Sumário: 1. Introdução 2. Dissolução irregular 3. Desconsideração da personalidade jurídica 4. Paralisação da empresa 5. Uma nova perspectiva da desconsideração da personalidade jurídica em caso de paralisação da atividade. Bibliografia
1. INTRODUÇÃO
As controvérsias que pairam sobre a dissolução irregular da empresa e a sua paralisação geram no meio jurídico incertezas quanto a aplicação da desconsideração da personalidade jurídica.
Quando da instituição de uma sociedade empresária busca-se, além dos cumprimentos dos preceitos constitucionais, (função social da empresa, desenvolvimento econômico, consecução da busca pelo emprego, promoção da dignidade da pessoa humana, dentre outros), a promoção de lucros àqueles que investiram na iniciativa privada. Outrossim, a opção pela sociedade empresária visa também resguardar o patrimônio individual de cada sócio.
Ocorre que, alguns empreendimentos simplesmente não conseguem se desenvolver e gerar o esperado lucro, fazendo com que muitas sociedades empresárias terminem sua vida societária antes do esperado. O Estado exige, para tanto, uma série de procedimentos que, muitas das vezes, não são cumpridos, por total ausência de recursos.
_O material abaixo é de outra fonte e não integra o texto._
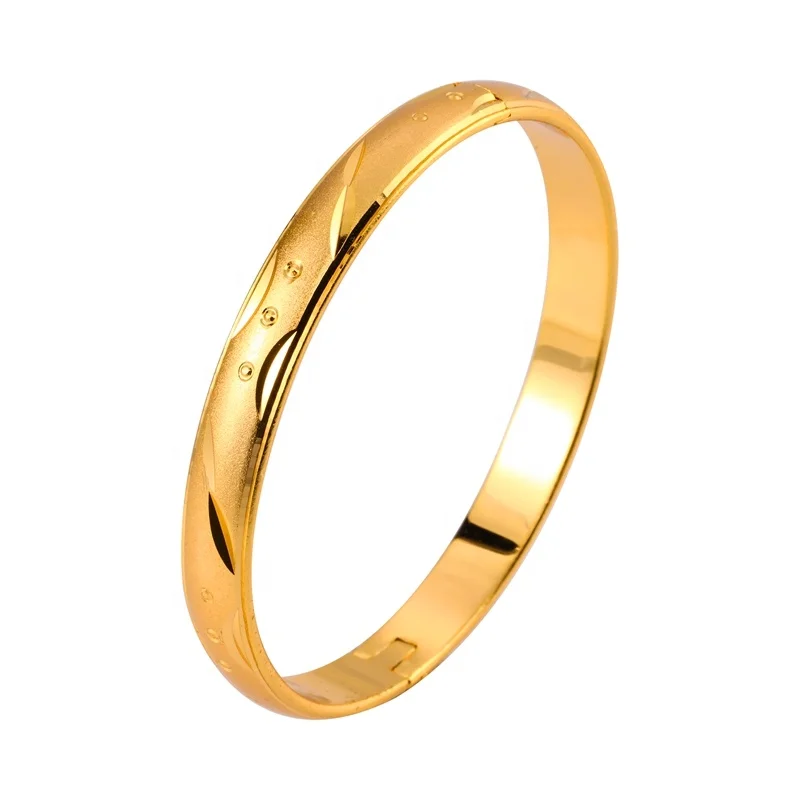 Custom marriage bracelet brass fashion jewelry 22k gold plated copper carve phoenix thick classic cuff bracelet bangle for women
Neste contexto, a sociedade empresária decide baixa as portas do ponto empresarial, onde exerce sua atividade, acarretando o que é chamado de dissolução irregular, considerando um abuso de direito, ocasionando a desconsideração da personalidade jurídica.
Há de se considerar que entre dissolução irregular e paralisação da atividade empresarial, existe uma singela diferença, que será objeto do presente estudo.
2. DISSOLUÇÃO IRREGULAR
Com o advento do Código Civil de 2002 foi normatizado o princípio da função social do contrato, através do art. 421, que estabelece que a “liberdade de contratar será exercida em razão e nos limites da função social do contrato”. Na realidade, além dos princípios já pré-estabelecidos acerca do Direito Contratual (liberdade contratual e obrigatoriedade do contrato) ocorreu a inserção de novos três princípios, quais sejam, boa-fé objetiva, equilíbrio econômico e função social.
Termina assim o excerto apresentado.